*Task description*. The answer must be every line from the entries below that contains "Obraz".

---- Extracted material

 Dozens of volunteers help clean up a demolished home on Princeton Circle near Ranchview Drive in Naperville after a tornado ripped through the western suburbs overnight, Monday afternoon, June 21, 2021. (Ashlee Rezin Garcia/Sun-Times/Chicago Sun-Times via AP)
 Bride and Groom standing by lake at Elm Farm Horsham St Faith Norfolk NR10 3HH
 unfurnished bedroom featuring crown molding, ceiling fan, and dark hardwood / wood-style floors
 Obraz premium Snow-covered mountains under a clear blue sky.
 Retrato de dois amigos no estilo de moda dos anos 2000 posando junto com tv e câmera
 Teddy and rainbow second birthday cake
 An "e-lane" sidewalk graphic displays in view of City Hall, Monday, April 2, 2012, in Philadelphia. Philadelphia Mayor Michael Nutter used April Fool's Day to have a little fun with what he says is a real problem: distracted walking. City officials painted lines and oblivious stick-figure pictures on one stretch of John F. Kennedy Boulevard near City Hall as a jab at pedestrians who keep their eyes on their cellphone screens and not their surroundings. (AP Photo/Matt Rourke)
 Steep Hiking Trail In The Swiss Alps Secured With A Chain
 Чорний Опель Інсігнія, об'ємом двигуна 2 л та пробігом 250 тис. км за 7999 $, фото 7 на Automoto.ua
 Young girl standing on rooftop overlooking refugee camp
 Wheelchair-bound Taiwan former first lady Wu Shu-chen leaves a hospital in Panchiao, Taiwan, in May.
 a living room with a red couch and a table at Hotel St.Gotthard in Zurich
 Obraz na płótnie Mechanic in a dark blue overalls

--------

*Answer for this exercise*.
 Obraz premium Snow-covered mountains under a clear blue sky.
 Obraz na płótnie Mechanic in a dark blue overalls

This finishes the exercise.